● **Data for the task**

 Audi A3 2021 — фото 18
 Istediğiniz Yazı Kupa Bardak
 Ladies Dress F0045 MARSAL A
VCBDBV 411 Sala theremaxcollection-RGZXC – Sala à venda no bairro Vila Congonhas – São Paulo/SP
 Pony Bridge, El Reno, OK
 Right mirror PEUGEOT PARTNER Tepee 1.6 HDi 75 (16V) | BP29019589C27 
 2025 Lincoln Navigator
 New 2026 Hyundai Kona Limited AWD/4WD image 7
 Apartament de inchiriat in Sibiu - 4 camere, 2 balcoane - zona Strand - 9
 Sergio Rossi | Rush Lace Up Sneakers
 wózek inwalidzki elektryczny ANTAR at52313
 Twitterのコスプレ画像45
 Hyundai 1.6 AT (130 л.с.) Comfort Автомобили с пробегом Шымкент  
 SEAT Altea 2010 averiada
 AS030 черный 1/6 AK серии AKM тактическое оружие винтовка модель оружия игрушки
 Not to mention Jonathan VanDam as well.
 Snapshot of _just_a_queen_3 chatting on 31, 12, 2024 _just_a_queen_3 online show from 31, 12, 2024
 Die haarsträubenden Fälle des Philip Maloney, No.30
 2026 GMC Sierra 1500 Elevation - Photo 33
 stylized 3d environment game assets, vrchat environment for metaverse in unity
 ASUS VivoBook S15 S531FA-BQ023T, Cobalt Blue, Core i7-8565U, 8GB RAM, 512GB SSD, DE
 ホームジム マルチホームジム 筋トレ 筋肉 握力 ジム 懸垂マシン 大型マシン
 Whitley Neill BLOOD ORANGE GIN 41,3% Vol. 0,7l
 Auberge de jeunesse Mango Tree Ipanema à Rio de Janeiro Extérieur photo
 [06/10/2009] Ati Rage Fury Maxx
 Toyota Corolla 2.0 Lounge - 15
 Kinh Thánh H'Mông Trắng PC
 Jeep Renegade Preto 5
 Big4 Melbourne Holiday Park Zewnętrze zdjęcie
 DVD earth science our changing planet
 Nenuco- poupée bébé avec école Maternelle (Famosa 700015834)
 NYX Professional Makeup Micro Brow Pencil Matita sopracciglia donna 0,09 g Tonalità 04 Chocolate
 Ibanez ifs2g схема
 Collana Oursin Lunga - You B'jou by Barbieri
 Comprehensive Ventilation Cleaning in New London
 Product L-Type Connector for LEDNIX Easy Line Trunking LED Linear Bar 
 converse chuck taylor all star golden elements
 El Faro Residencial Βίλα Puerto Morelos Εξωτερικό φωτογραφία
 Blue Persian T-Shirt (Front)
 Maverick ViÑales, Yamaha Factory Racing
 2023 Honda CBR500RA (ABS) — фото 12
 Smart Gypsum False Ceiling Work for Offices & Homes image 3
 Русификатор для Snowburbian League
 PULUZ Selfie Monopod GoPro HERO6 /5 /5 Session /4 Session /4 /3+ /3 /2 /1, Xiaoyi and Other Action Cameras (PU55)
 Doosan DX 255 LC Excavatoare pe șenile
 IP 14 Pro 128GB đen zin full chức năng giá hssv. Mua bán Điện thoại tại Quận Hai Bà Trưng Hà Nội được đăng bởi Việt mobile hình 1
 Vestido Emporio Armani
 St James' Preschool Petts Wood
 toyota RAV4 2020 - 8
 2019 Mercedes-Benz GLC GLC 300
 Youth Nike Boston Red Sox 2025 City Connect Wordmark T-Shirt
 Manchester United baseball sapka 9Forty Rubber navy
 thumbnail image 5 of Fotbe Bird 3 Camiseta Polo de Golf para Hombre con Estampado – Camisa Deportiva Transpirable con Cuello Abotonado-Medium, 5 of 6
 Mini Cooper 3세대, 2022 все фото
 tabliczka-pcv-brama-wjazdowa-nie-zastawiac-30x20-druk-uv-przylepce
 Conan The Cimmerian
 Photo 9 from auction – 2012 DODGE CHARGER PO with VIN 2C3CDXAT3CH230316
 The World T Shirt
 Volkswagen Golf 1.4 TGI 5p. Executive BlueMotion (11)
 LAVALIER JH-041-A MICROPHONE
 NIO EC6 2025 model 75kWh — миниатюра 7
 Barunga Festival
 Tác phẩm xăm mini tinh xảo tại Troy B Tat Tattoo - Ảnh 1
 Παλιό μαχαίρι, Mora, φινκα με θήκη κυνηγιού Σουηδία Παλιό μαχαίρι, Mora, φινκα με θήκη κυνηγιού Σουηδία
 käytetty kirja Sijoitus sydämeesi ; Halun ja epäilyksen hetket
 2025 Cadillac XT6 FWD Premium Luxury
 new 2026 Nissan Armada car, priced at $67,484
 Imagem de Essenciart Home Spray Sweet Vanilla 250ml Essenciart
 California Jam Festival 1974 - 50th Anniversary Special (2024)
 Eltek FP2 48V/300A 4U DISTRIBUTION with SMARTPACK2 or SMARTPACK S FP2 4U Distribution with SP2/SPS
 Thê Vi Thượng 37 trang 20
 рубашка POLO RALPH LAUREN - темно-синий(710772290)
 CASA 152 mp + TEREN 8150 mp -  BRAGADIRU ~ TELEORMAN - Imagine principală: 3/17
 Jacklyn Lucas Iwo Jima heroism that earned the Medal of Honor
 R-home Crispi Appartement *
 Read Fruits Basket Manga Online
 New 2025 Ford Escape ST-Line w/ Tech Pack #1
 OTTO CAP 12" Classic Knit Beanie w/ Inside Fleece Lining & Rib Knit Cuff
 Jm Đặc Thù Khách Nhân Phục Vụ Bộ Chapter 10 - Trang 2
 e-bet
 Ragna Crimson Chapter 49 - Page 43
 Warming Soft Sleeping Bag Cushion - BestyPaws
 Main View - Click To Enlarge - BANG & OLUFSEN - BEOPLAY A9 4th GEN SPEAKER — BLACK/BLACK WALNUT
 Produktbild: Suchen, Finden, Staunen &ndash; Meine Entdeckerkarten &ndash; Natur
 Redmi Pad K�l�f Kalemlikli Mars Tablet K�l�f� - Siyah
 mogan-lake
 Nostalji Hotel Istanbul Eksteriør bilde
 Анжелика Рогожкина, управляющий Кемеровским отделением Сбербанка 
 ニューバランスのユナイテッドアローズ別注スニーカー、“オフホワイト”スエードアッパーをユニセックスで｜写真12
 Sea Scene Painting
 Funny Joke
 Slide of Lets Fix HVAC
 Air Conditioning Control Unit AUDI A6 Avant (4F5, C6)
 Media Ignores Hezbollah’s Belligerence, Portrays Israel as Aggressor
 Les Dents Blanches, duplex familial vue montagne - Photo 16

● **Exercise requirements**
Take the stretch of lines above from the one containing "Twitterのコスプレ画像45" through the one containing "2026 GMC Sierra 1500 Elevation - Photo 33" and repeat it exactly, adding no other line.

● **Output for this task**
 Twitterのコスプレ画像45
 Hyundai 1.6 AT (130 л.с.) Comfort Автомобили с пробегом Шымкент  
 SEAT Altea 2010 averiada
 AS030 черный 1/6 AK серии AKM тактическое оружие винтовка модель оружия игрушки
 Not to mention Jonathan VanDam as well.
 Snapshot of _just_a_queen_3 chatting on 31, 12, 2024 _just_a_queen_3 online show from 31, 12, 2024
 Die haarsträubenden Fälle des Philip Maloney, No.30
 2026 GMC Sierra 1500 Elevation - Photo 33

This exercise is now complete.